India’s e-commerce sector is struggling to comply with the directive to deduct tax at source on all payments made to their sellers and deposit it with the government. This is because a number of them have not been able to register for collections of tax at source (TCS) as some states are insisting that e-commerce companies have a brick and mortar office within their jurisdiction. This goes against a clarification issued in the form of FAQs by the Centre that the said registration could be done with a head office address and e-commerce players will not require a brick and mortar space in every state. The norms mandate e-commerce companies to collect tax at the rate of 0.5% each for state and central GST on payments to sellers who sell on their platforms.
The GST Council had deferred implementation of TCS/TDS for a year from July 1, 2017 till June 30, 2018. It was again put off till September 30 after the industry expressed concerns over the increased compliance burden. TCS was finally implemented from October 1. It is an anti-tax avoidance measure that seeks to create a transaction trail.
Finding itself in a fix, the industry has pitched for an extension of the deadline. If unable to deposit the tax collected last month by November 10, companies will be liable to penal provisions.
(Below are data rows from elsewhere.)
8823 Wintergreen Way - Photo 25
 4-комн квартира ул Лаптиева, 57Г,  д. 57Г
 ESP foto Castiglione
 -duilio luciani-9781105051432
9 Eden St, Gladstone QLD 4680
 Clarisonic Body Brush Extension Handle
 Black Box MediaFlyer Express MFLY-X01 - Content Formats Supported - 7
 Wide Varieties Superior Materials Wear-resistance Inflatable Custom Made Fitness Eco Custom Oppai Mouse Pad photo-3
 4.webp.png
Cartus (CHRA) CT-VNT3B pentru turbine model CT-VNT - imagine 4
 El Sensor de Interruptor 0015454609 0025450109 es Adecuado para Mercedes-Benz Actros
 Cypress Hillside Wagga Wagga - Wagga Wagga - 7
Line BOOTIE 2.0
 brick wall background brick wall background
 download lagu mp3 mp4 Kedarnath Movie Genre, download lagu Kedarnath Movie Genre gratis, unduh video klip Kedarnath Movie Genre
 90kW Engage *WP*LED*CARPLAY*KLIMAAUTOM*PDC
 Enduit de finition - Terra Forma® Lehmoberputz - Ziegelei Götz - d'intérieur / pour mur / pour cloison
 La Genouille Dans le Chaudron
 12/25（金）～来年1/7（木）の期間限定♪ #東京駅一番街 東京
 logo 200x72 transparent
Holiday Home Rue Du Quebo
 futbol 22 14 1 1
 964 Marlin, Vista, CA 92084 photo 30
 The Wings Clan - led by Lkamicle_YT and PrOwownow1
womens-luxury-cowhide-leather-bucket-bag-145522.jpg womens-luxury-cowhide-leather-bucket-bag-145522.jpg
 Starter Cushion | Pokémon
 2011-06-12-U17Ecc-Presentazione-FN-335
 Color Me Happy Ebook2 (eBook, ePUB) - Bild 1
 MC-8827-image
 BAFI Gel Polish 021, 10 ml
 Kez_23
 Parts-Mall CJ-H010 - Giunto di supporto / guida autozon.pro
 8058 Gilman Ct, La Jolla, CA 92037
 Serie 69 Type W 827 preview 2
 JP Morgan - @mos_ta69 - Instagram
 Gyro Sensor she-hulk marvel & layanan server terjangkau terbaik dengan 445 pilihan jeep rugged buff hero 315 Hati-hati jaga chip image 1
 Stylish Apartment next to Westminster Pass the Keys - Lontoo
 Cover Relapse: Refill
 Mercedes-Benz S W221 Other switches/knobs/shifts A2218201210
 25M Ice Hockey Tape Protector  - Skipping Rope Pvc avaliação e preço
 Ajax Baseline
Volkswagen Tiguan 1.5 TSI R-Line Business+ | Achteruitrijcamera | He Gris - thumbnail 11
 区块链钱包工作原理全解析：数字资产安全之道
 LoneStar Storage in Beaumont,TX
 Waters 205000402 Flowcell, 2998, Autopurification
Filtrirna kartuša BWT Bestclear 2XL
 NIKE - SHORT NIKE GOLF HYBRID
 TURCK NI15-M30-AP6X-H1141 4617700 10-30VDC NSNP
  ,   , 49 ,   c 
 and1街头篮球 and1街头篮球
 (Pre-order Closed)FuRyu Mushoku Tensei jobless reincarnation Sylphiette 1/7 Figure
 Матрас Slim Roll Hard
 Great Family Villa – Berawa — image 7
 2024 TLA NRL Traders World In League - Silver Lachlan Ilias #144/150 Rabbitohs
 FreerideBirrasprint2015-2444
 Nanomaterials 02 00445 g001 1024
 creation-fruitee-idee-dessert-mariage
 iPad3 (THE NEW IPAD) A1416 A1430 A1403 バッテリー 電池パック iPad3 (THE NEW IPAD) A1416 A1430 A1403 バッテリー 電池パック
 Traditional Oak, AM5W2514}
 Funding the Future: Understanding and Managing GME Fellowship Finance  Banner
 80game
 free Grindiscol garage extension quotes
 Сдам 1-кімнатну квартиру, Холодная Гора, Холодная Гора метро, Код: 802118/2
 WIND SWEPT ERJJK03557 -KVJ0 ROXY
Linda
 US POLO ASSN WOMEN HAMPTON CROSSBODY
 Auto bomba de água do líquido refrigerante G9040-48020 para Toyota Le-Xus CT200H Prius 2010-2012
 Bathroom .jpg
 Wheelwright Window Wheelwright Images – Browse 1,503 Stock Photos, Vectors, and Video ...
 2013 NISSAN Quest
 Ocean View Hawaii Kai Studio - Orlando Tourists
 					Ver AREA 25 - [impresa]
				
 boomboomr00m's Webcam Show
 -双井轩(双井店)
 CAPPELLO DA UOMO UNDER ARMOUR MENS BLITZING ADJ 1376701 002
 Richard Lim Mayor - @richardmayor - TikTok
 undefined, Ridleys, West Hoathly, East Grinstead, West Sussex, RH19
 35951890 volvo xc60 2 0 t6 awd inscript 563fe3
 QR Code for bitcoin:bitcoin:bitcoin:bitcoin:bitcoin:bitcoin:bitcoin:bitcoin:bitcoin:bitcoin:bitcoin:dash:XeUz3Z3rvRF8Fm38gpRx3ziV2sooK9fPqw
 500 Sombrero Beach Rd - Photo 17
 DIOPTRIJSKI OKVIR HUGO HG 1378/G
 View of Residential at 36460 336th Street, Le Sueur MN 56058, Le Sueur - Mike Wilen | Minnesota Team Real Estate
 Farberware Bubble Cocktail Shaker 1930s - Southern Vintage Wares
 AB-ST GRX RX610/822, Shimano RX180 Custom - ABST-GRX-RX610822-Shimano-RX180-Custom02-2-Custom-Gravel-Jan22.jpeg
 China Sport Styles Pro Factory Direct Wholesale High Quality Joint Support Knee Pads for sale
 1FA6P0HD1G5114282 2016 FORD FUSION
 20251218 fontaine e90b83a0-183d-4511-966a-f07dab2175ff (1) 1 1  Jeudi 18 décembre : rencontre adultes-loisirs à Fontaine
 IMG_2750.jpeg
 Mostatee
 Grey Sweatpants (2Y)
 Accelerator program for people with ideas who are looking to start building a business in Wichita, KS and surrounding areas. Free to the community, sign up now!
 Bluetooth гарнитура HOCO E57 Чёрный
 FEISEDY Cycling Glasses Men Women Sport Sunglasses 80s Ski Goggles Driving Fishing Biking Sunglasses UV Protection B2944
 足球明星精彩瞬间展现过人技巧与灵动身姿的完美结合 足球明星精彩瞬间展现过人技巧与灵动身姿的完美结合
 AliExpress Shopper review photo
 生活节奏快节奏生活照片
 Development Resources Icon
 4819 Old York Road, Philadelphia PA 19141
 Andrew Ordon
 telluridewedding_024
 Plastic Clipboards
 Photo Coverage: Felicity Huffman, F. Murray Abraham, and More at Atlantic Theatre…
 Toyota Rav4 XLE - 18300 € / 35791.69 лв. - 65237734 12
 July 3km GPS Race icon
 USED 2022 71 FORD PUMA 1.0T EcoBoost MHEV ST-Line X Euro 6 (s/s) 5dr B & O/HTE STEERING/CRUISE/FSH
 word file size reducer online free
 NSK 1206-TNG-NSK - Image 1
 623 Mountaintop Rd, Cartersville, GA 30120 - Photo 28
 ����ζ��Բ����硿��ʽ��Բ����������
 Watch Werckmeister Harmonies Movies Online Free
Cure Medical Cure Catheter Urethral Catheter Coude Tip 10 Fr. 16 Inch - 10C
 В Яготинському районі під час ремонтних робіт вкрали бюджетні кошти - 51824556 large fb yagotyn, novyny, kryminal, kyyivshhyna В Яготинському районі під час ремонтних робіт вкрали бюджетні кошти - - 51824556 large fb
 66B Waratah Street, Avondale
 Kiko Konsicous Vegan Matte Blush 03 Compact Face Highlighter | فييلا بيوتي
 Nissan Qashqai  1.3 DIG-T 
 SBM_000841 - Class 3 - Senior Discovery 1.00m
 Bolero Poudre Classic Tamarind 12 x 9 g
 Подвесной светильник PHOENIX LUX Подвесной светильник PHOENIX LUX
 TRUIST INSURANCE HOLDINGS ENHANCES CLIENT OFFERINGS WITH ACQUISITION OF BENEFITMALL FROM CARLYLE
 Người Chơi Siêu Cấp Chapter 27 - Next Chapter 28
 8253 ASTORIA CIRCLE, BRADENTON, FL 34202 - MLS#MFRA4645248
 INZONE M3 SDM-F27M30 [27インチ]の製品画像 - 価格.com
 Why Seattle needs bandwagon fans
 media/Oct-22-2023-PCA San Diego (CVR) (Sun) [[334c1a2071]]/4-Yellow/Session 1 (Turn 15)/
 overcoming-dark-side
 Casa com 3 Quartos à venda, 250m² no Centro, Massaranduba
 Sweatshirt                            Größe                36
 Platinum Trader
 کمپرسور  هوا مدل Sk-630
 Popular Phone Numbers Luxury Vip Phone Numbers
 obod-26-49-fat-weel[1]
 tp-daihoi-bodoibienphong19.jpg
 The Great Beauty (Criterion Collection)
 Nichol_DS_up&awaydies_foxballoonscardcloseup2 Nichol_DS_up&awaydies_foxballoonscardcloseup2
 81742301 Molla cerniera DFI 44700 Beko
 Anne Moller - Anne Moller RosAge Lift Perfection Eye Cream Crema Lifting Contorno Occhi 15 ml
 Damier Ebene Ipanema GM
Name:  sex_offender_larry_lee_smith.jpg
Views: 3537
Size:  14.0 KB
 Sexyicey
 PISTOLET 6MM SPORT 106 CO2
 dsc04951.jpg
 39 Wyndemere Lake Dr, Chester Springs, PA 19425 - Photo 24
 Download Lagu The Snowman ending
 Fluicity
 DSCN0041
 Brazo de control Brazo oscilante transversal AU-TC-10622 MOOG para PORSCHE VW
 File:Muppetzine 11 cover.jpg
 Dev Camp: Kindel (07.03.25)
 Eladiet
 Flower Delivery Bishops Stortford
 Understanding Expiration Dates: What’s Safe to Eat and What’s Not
Industry experts say the portal where the registration is to be done does not accept any district except those in that state although it should be enabled for all districts pan India. States where companies are facing issues include Kerala, Andhra Pradesh, Punjab, Gujarat, Chhattisgarh, Uttarakhand, Bihar, Rajasthan and Assam. Tax experts say there seems to be a disconnect between on-the-ground implementation by the states tax administration and the FAQs issued by the Centre on this issue.